Exercise data »
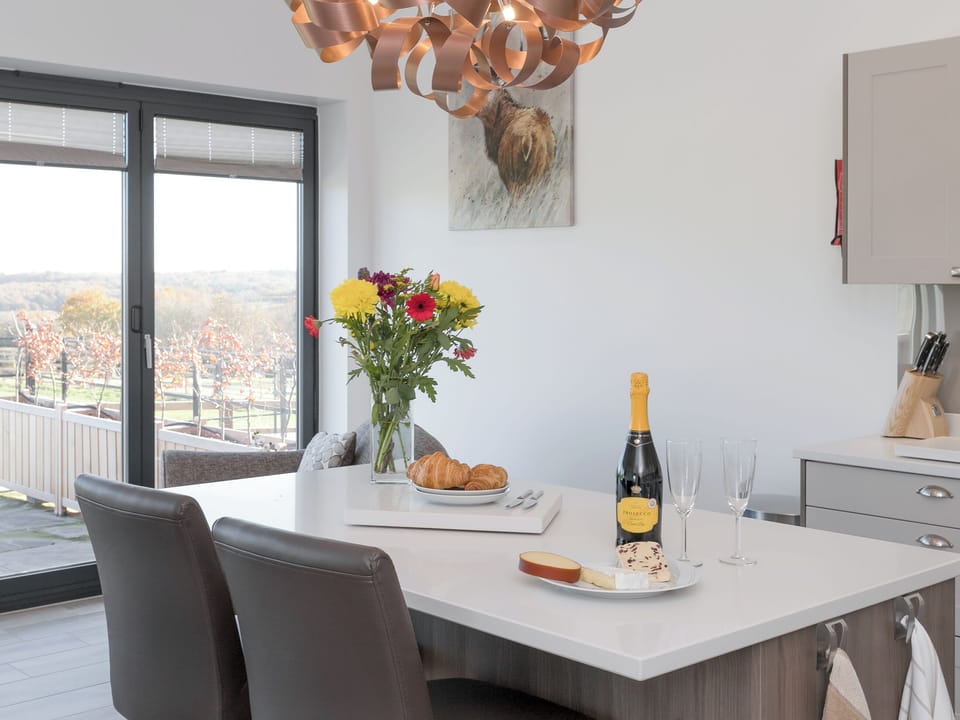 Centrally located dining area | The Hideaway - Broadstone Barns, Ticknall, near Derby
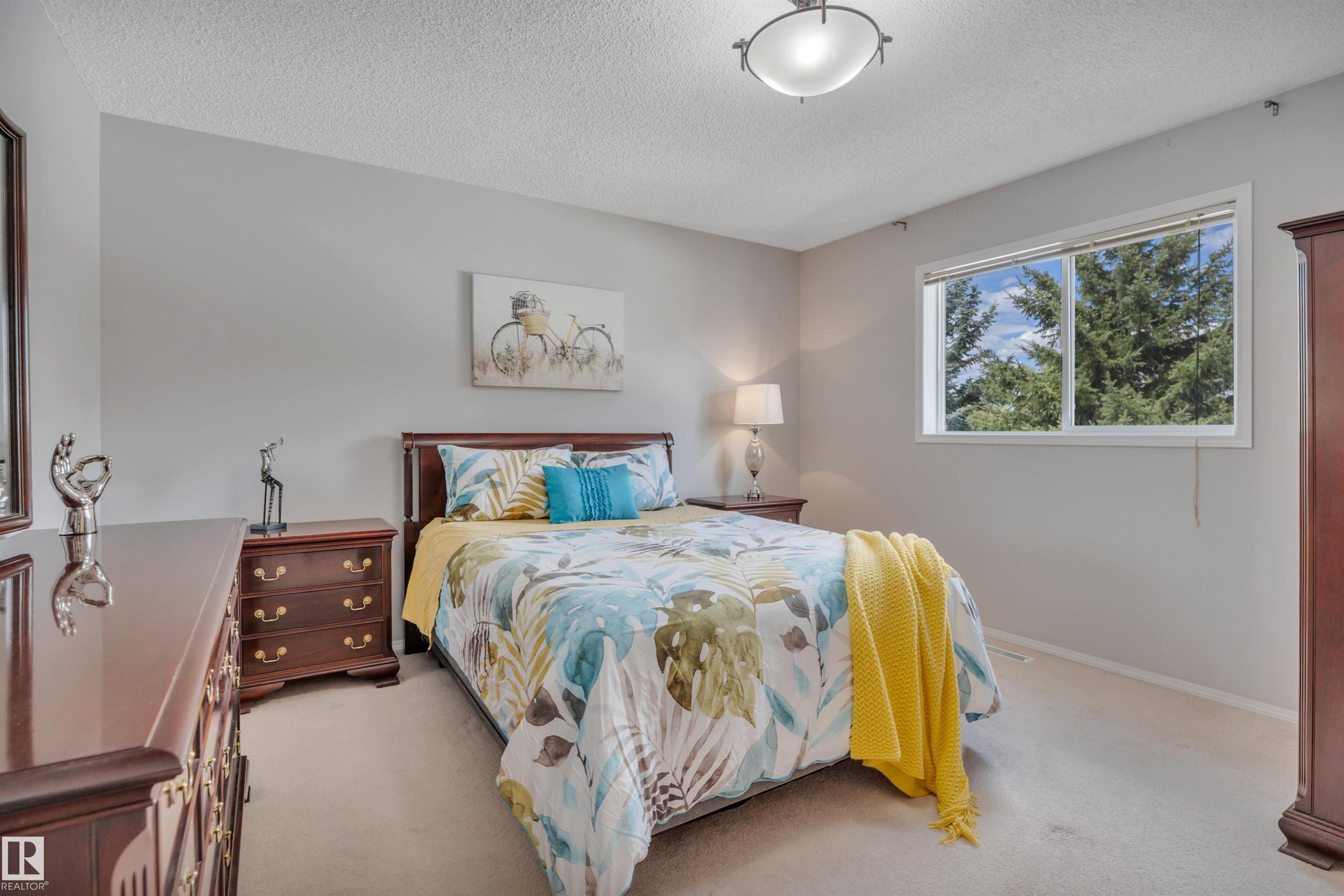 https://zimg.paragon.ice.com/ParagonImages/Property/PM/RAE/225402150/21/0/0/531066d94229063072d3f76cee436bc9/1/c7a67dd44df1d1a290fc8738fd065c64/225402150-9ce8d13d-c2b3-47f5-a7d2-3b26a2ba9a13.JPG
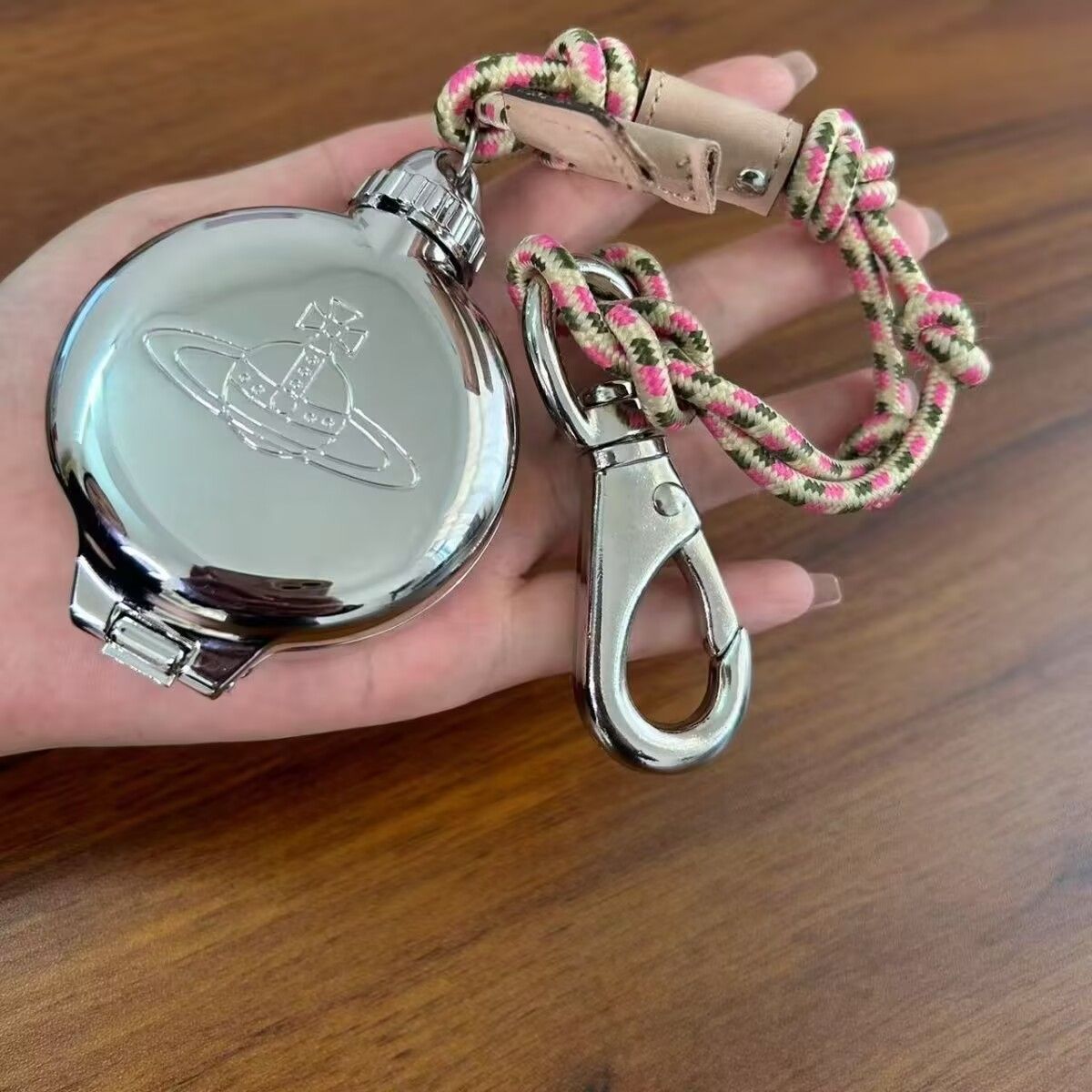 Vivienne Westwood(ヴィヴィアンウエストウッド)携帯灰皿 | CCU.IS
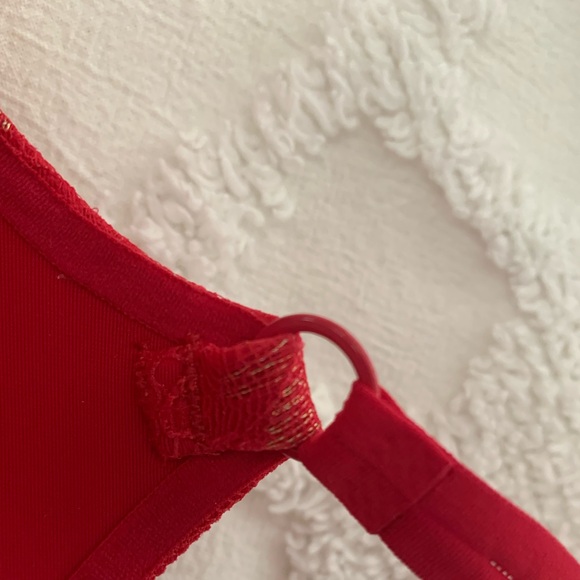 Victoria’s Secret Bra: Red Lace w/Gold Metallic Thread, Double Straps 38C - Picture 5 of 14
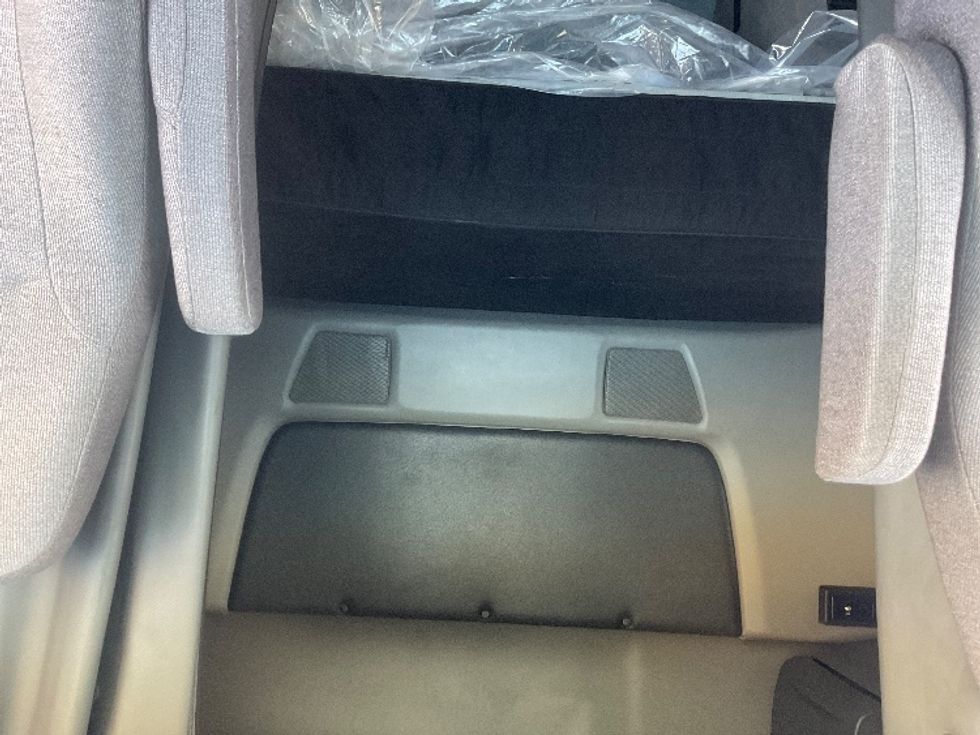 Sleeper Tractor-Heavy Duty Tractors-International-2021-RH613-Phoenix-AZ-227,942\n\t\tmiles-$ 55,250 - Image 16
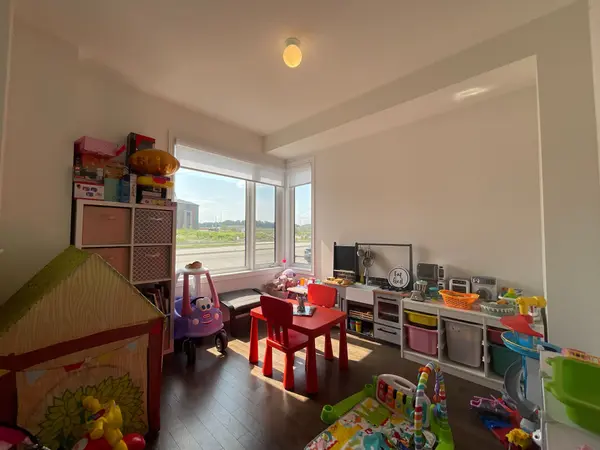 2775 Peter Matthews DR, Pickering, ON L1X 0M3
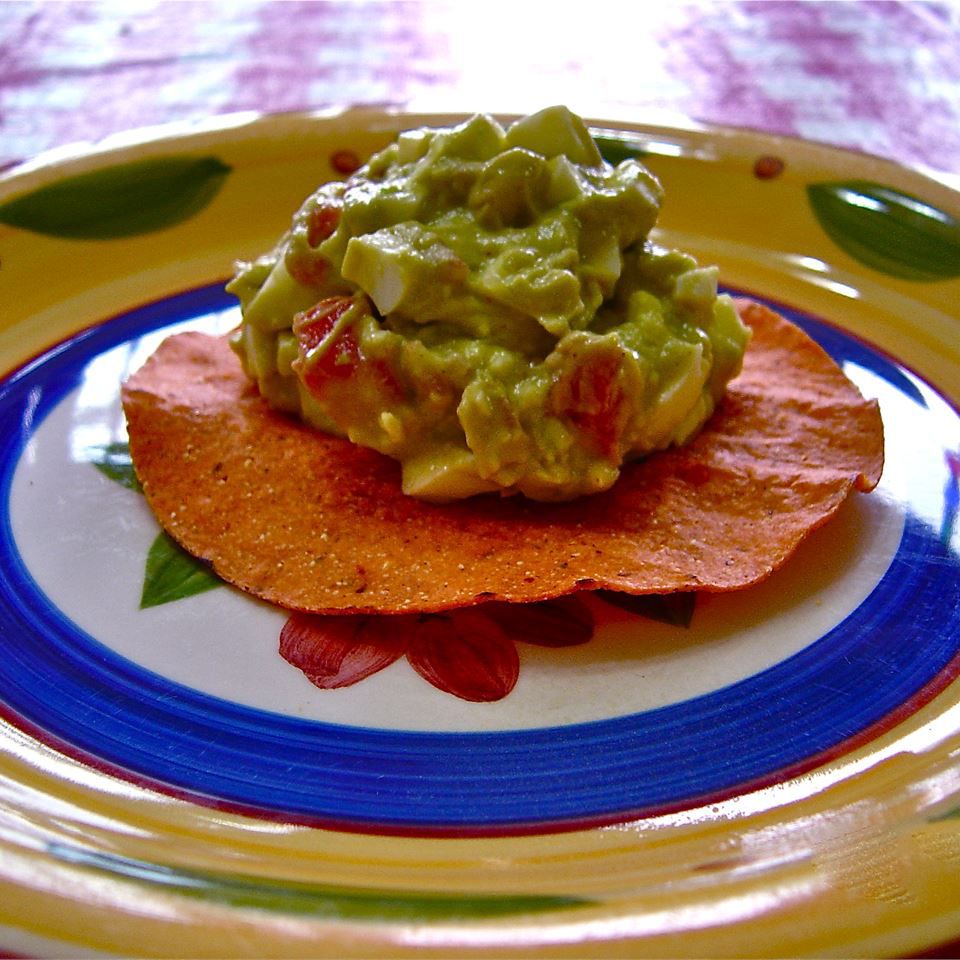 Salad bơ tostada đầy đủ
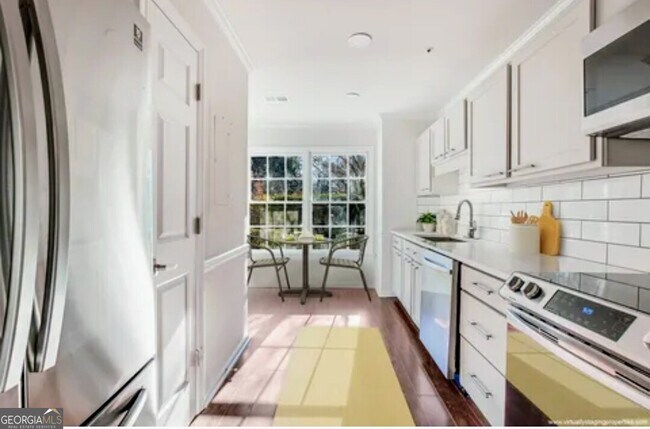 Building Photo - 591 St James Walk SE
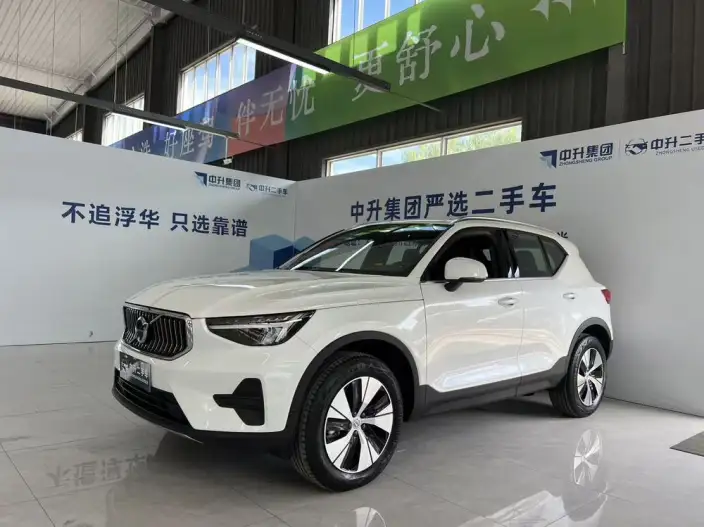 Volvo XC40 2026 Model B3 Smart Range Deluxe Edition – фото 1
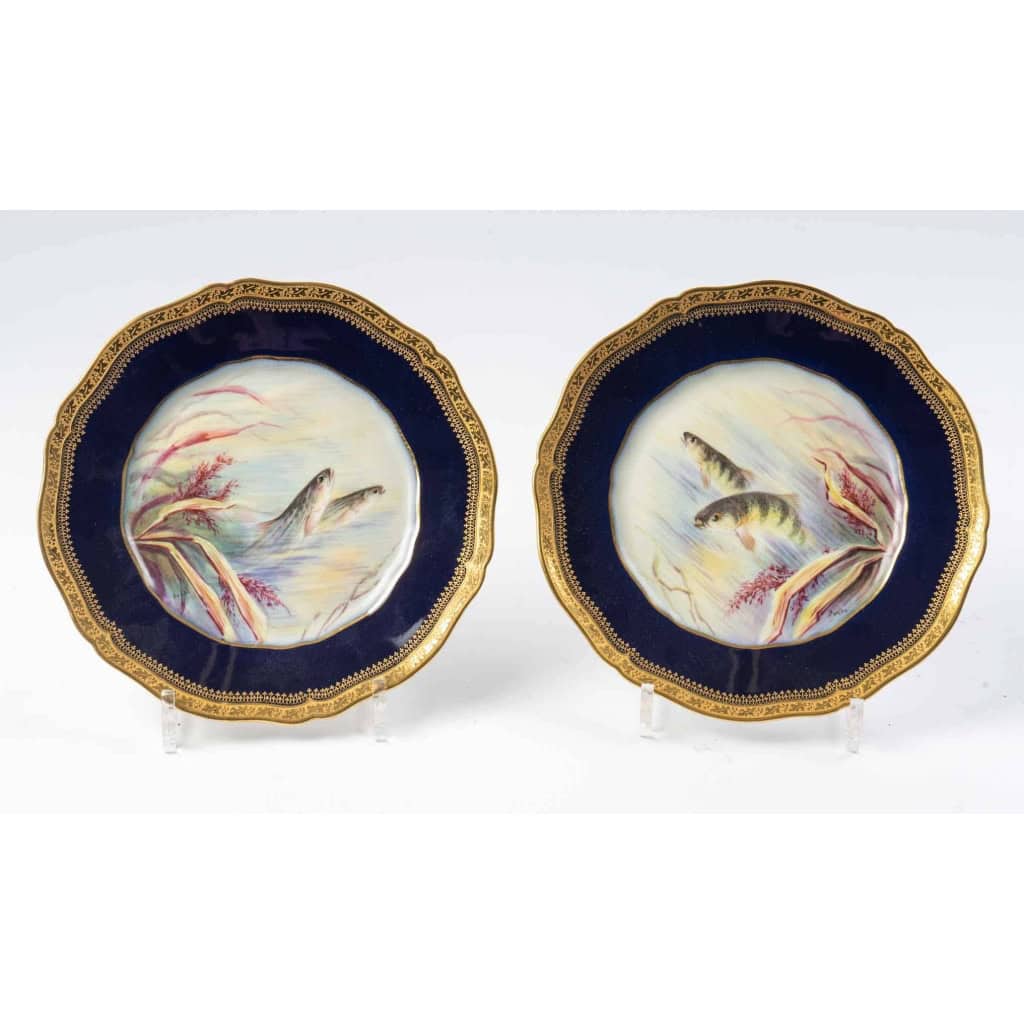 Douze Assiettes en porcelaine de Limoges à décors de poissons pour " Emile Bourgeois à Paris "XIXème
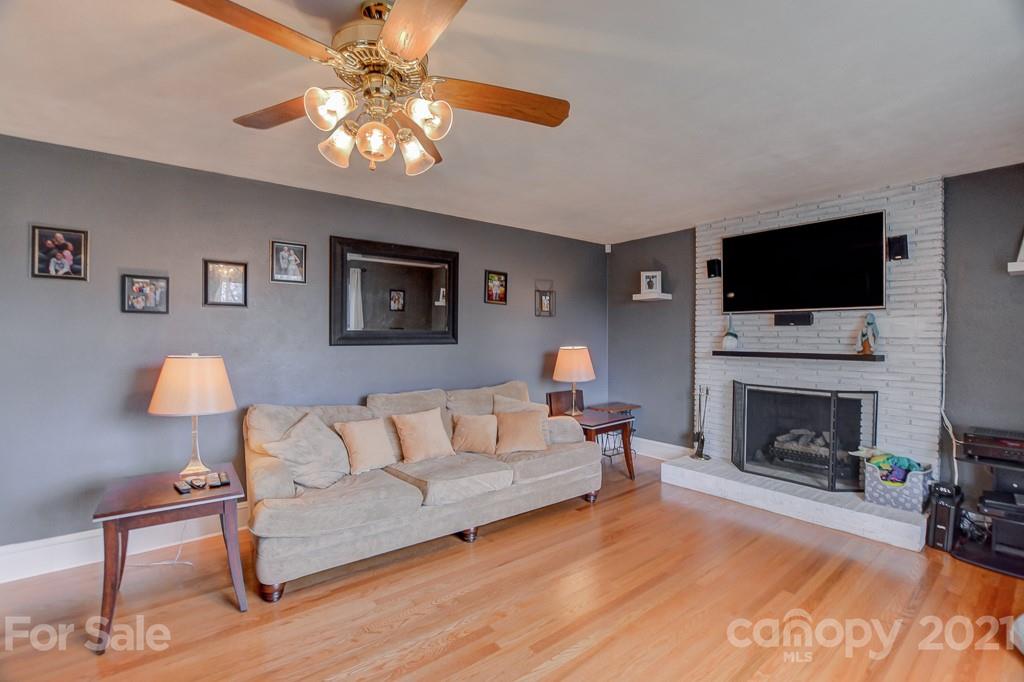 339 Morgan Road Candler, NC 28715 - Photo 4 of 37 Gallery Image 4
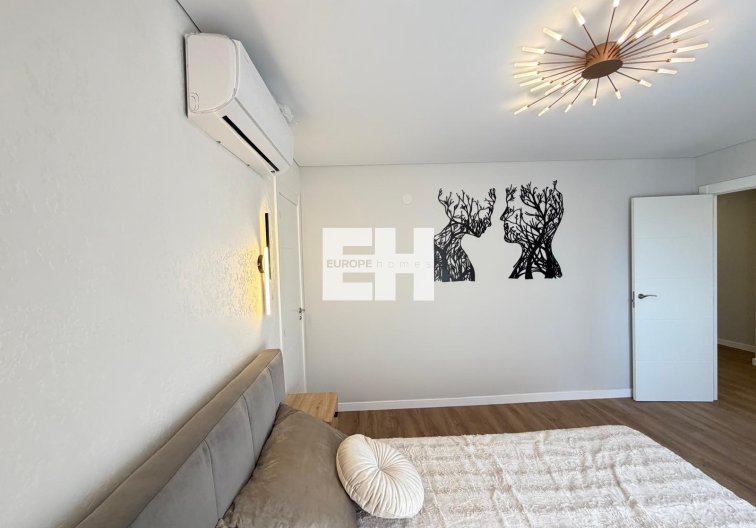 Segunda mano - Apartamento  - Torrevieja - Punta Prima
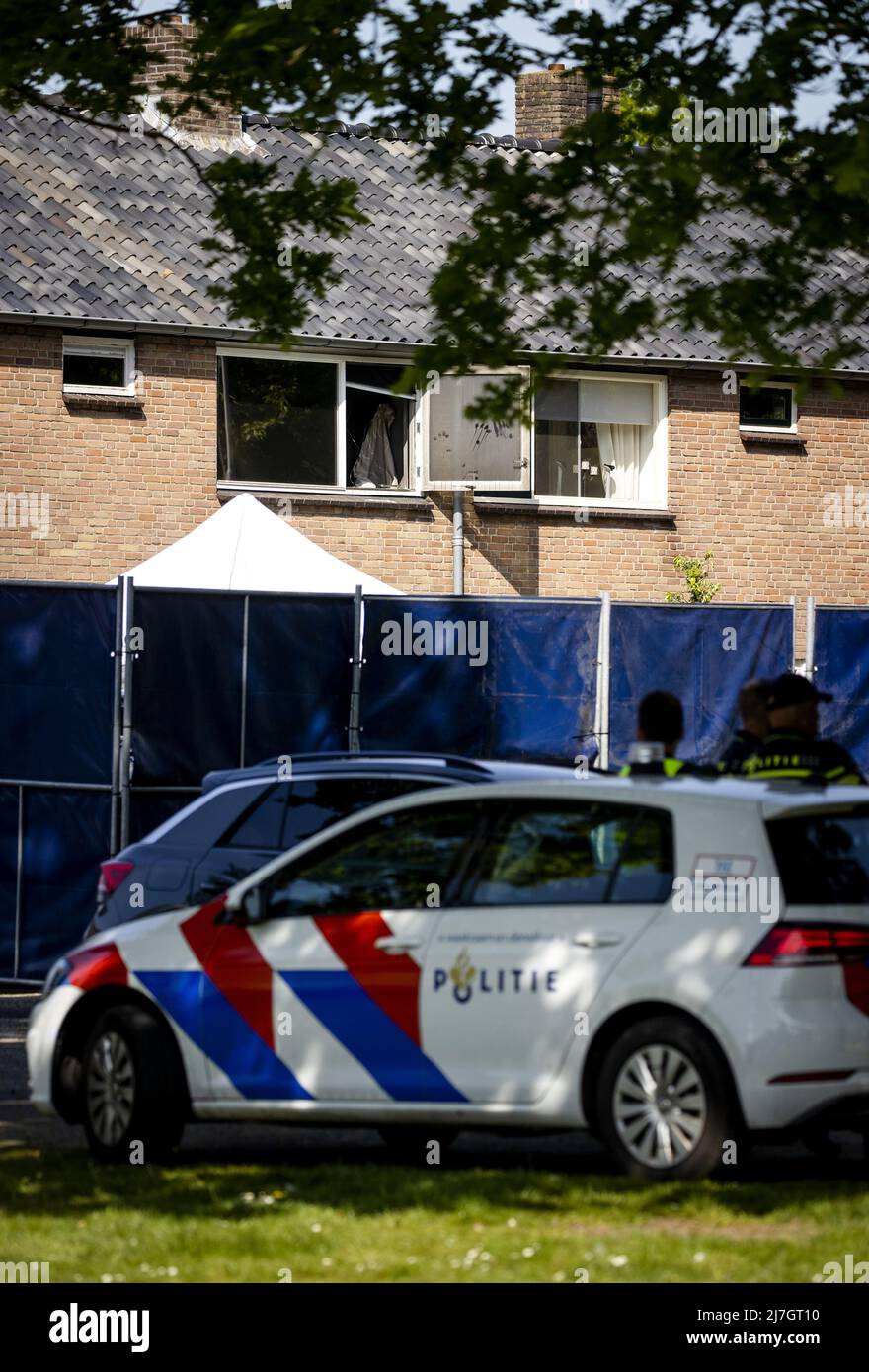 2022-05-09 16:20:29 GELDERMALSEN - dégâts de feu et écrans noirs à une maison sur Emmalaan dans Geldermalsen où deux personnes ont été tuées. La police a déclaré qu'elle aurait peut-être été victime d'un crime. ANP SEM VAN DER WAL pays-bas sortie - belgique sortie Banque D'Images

Required action » What I need is every record written out exactly, minus the pictures.

Solution to this task »
 Centrally located dining area | The Hideaway - Broadstone Barns, Ticknall, near Derby
 https://zimg.paragon.ice.com/ParagonImages/Property/PM/RAE/225402150/21/0/0/531066d94229063072d3f76cee436bc9/1/c7a67dd44df1d1a290fc8738fd065c64/225402150-9ce8d13d-c2b3-47f5-a7d2-3b26a2ba9a13.JPG
 Vivienne Westwood(ヴィヴィアンウエストウッド)携帯灰皿 | CCU.IS
 Victoria’s Secret Bra: Red Lace w/Gold Metallic Thread, Double Straps 38C - Picture 5 of 14
 Sleeper Tractor-Heavy Duty Tractors-International-2021-RH613-Phoenix-AZ-227,942\n\t\tmiles-$ 55,250 - Image 16
 2775 Peter Matthews DR, Pickering, ON L1X 0M3
 Salad bơ tostada đầy đủ
 Building Photo - 591 St James Walk SE
 Volvo XC40 2026 Model B3 Smart Range Deluxe Edition – фото 1
 Douze Assiettes en porcelaine de Limoges à décors de poissons pour " Emile Bourgeois à Paris "XIXème
 339 Morgan Road Candler, NC 28715 - Photo 4 of 37 Gallery Image 4
 Segunda mano - Apartamento  - Torrevieja - Punta Prima
 2022-05-09 16:20:29 GELDERMALSEN - dégâts de feu et écrans noirs à une maison sur Emmalaan dans Geldermalsen où deux personnes ont été tuées. La police a déclaré qu'elle aurait peut-être été victime d'un crime. ANP SEM VAN DER WAL pays-bas sortie - belgique sortie Banque D'Images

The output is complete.